Boriswatch gets quite a few requests for information from students, who are often using Boris or Boriswatch as a muse for their essays and even dissertations. Here – with her permission – is a Boriswatch Q and A session with Helen Clark, a journalism student from University of Lincoln.
Q: When and why was Boriswatch started?
A: Boriswatch was started in 2003 when I saw Boris on Have I Got News For You and found him intensely funny. I looked on the internet, and found virtually nothing about him. So, seeing as I could build websites, I started Boriswatch. It was originally a subsection of my personal website, but gained its own web domain in early 2004.
Q: How good has the response been to it?
A: Immense. After about 3 weeks of posting, the visitors ramped up to around 300 a week. Now, the site pulls in over 2000 visitors a week, has two contributors, and has appeared on BBC News, Sky News and ITV. We’ve had articles published in FHM, BBC News and the official Back Boris site, as well as interest from smaller organisations. And – dare I mention it – there’s even a Boriswatch-constructed Boris For Mayor song!
Q: Has Boris himself seen or commented about the website?

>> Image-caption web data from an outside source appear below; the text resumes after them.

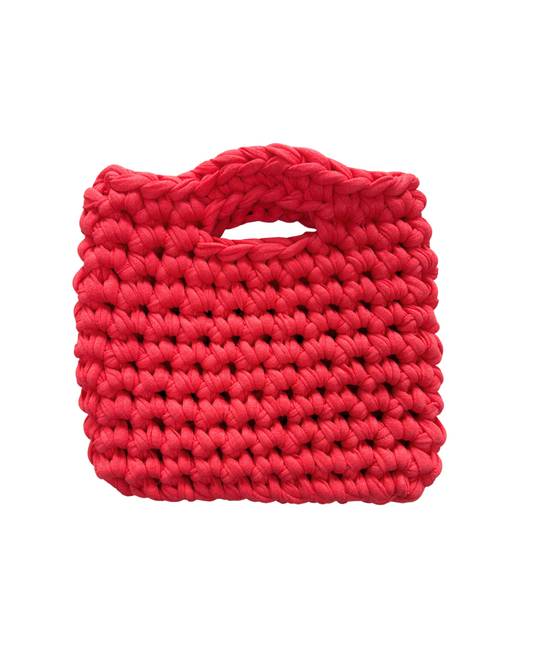 Nola handbag | Coral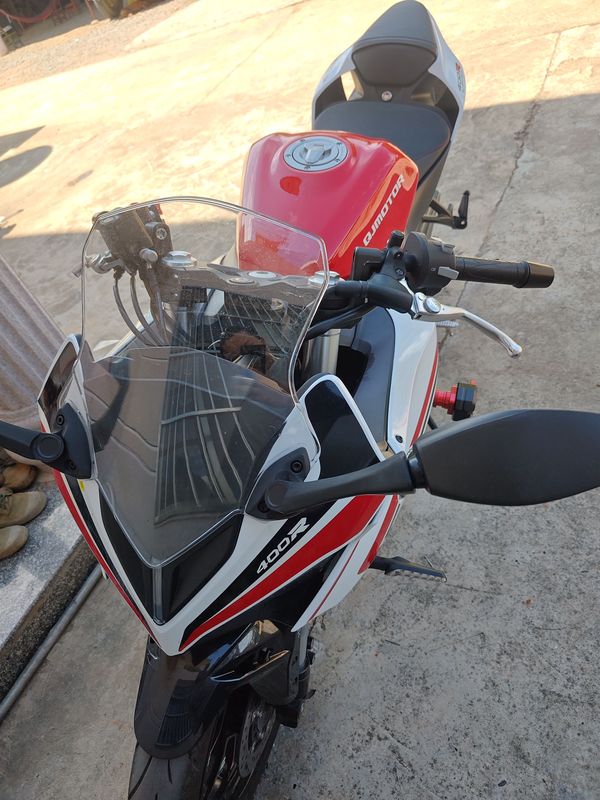 二手QJMOTOR赛400
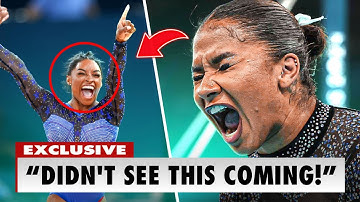 Simone Biles JUST MADE HISTORY With This INSANE FLOOR ROUTINE!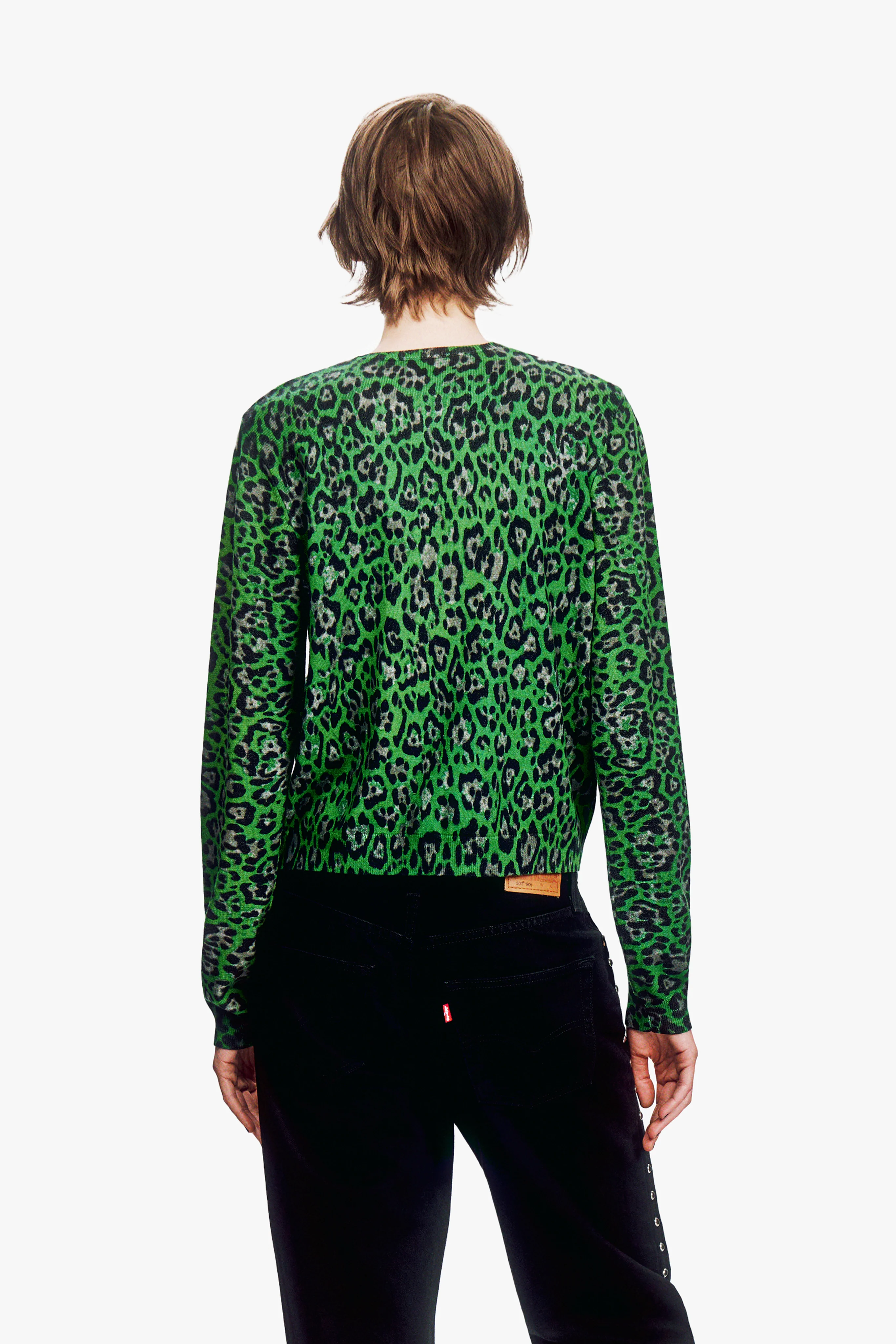 Jade Jaguar Cardigan - Image 5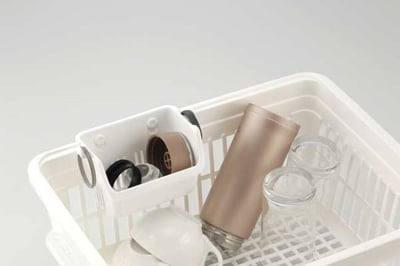 日本inomata－小物專用瀝水架4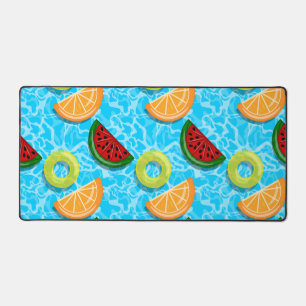 Fruity Floaties Desk Mat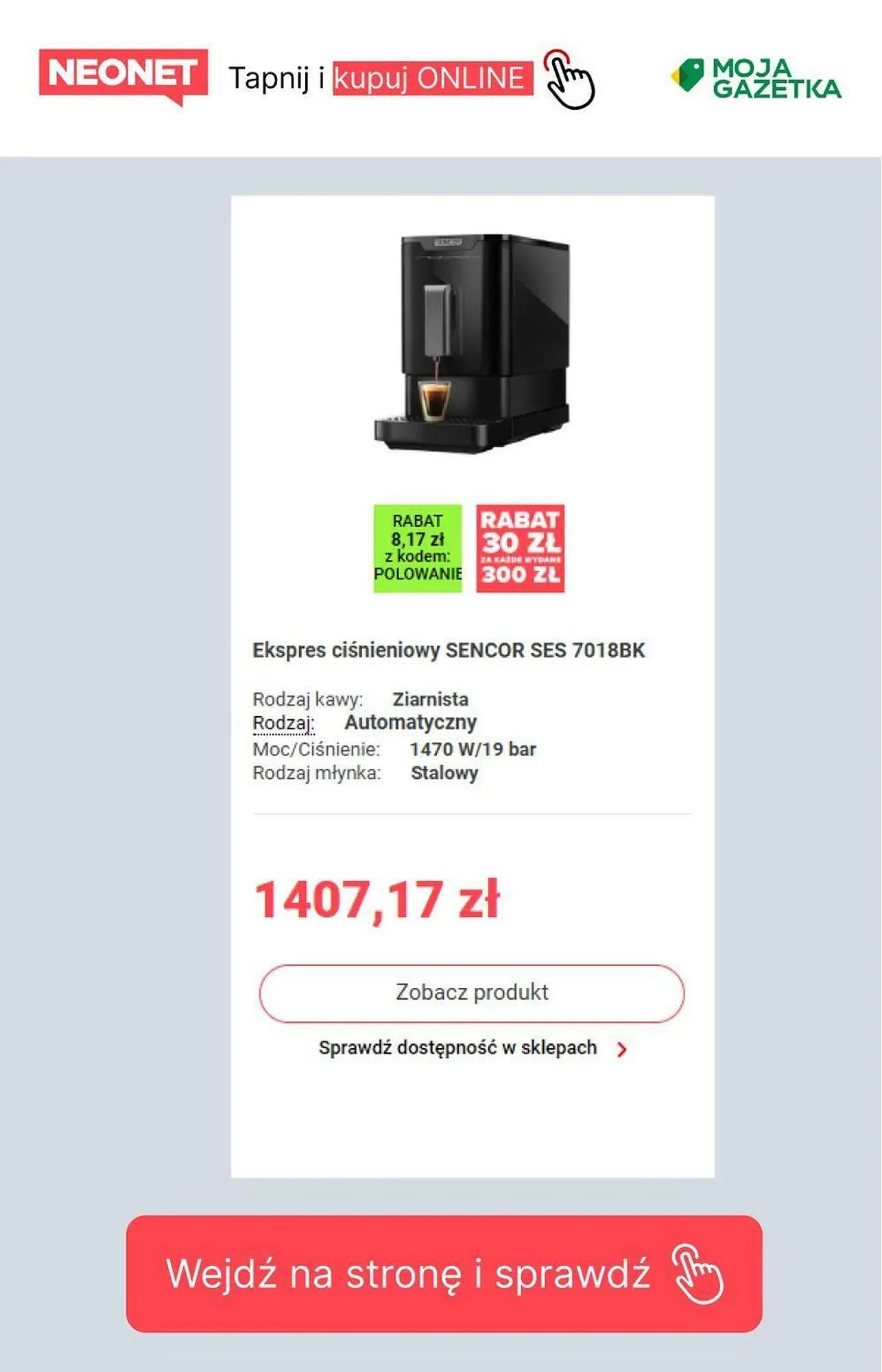 Gazetka Neonet gazetka od 14 maja do 22 maja 2024 - Strona 9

A: Boris has seen it and commented on it on ITV and the BBC as well as his personal website – and thanks to his wonderful team I have met up with him many times. There was even a Central News piece on Boriswatch itself, complete with a discussion with Boris on what he thinks of the site, Boriswatch t-shirts and the first mention of the legendary Boriswatch Thong. However, when the Boris team first approached me, their opening line was “Are you some sort of nutter?”
Q: Why do you think Boris appeals so much to the younger generation?
A: Well, firstly, he’s funny. Some people don’t like his privileged upbringing, but his personality and self-deprecation takes the edge off of the criticisms. Personality is a rare commodity in politics, and it’s a breath of fresh air. Because he’s funny, people listen to him. And because they listen to him, they realise that he speaks his mind, regardless of the political fallout, which is very rare in politics. And because people find he says what he thinks, they tend to agree with him! People can see that underneath the messy fair lies a very clever brain – I’ll never forget when he forgot write a Telegraph column that was due to be published the next day. It was 12.30pm, and we were in a pub in Oxfordshire. He whipped out two paper napkins from behind the bar and started writing. That article, written on the spur of the moment, was in the paper the next day, almost completely unedited. I know many people that take days to achieve the same thing…
And let me tell you – I’ve met him many times, and his appearance and personality is no act. He is the same in private as he is in person – which can be seen as a good thing or a bad thing!
Q: Why do you think he has had the ability to weather problems which would have destroyed other politicians careers?
A: It’s the Stephen Fry school of deprecation, I think. Most of the time, people actually agree with him. He speaks sense, and cheers people up. That’s a very rare quality, and people warm to him so much that minor transgressions can be forgiven. People don’t want to lose the one person that speaks sense and entertains them in politics. Yes, he gets things wrong – but when he does, he admits them, rather than cover it up like most public figures.
Q: What would you consider to be Boris’ finest moment?
A: Ooooh, good one. Well, up until now, I would have to say becoming a minister in shadow government would have to be the top achievement so far. Boris has always wanted to focus on politics, and he would have been chuffed at that.
However, the greatest achievement is get to come – becoming Mayor of London!